* [Work instruction] Leaving out the pictures, write out exactly each line from the line with "Zapatillas de Plataforma Gruesa" through the close of the listing below.

* [The data]
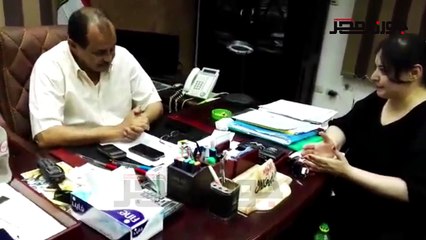 عاكف تتابع حل ازمة مساكن الكويت بالمقطم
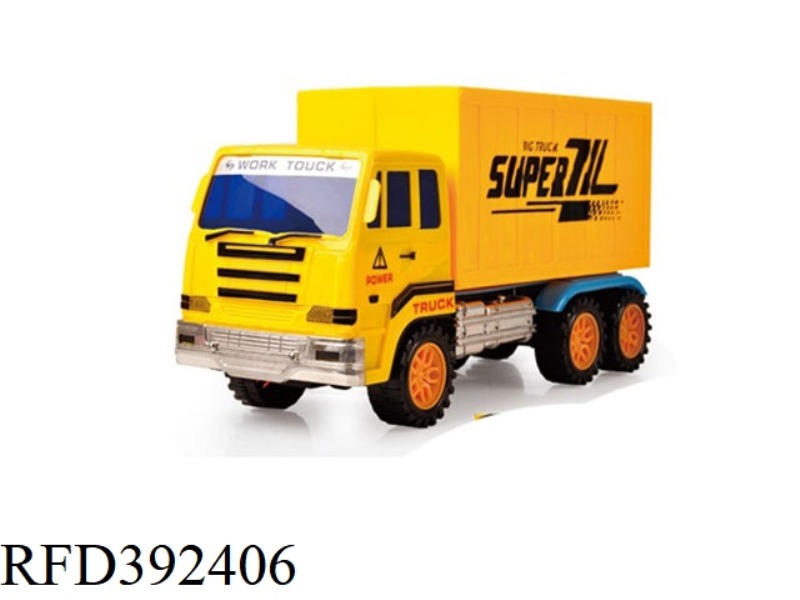 INERTIAL ENGINEERING CONTAINER TRUCK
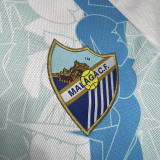 2024/25 Malaga CF Home Blue Fans Soccer jersey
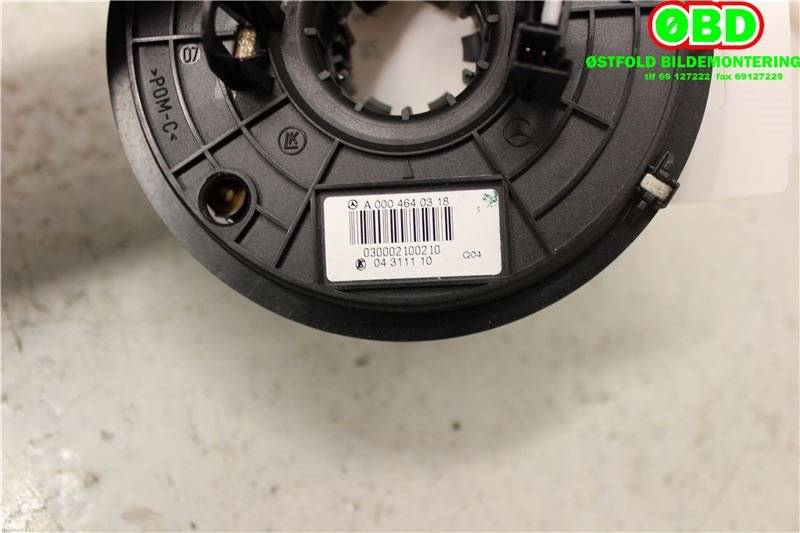 Airbag slepering til Mercedes CL 2000-2006 (C215) (C215) (MERCEDES|A 000 464 03 18||0004640318)
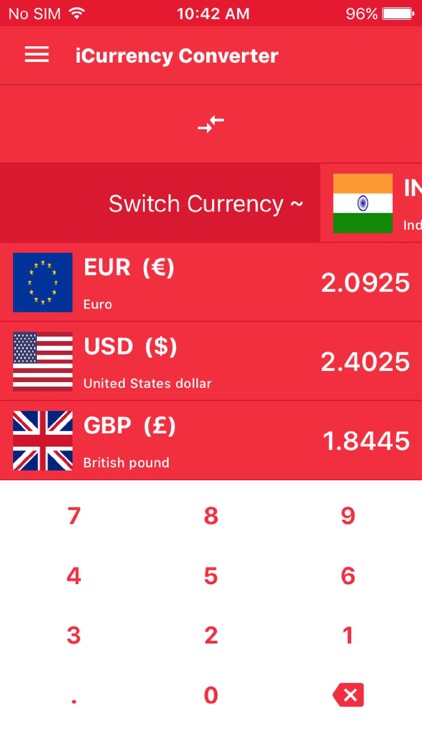 iGexCurrencyConverter screenshot-3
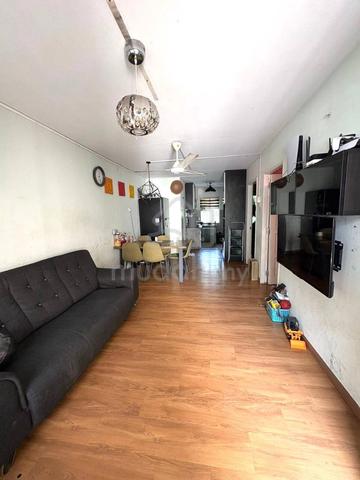 Seksyen 2 Wangsa Maju Flat 1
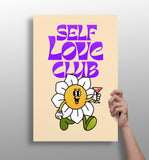 Self Love Aluminum Print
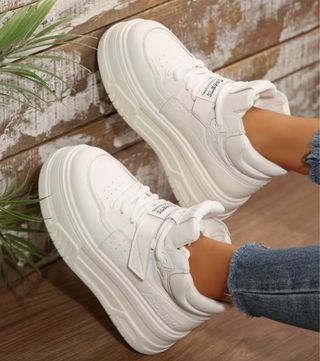 Zapatillas de Plataforma Gruesa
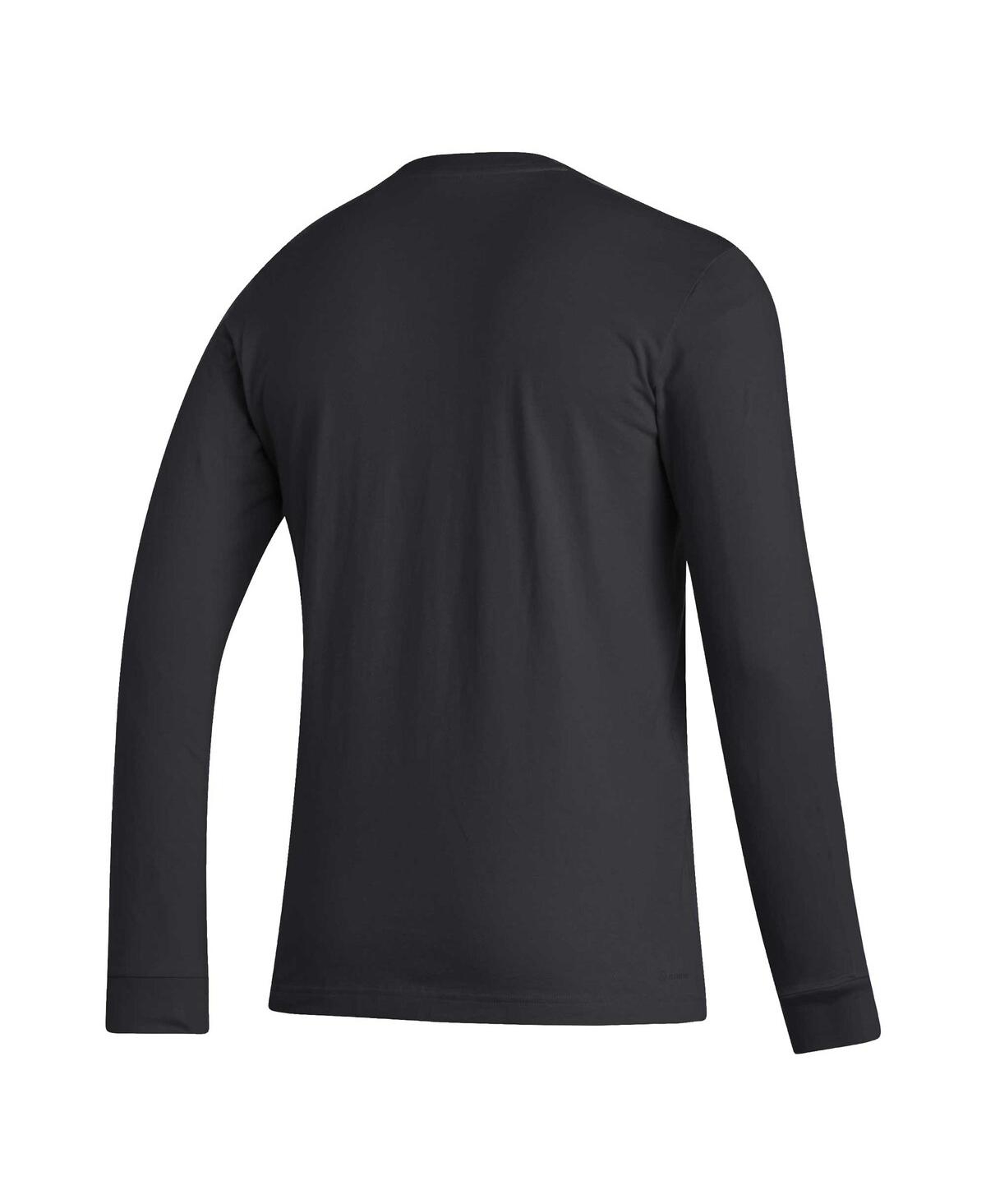 Shop Adidas Originals Men's Adidas Black Alabama State Hornets Honoring Black Excellence Long Sleeve T-shirt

* [Answer to this exercise]
 Zapatillas de Plataforma Gruesa
 Shop Adidas Originals Men's Adidas Black Alabama State Hornets Honoring Black Excellence Long Sleeve T-shirt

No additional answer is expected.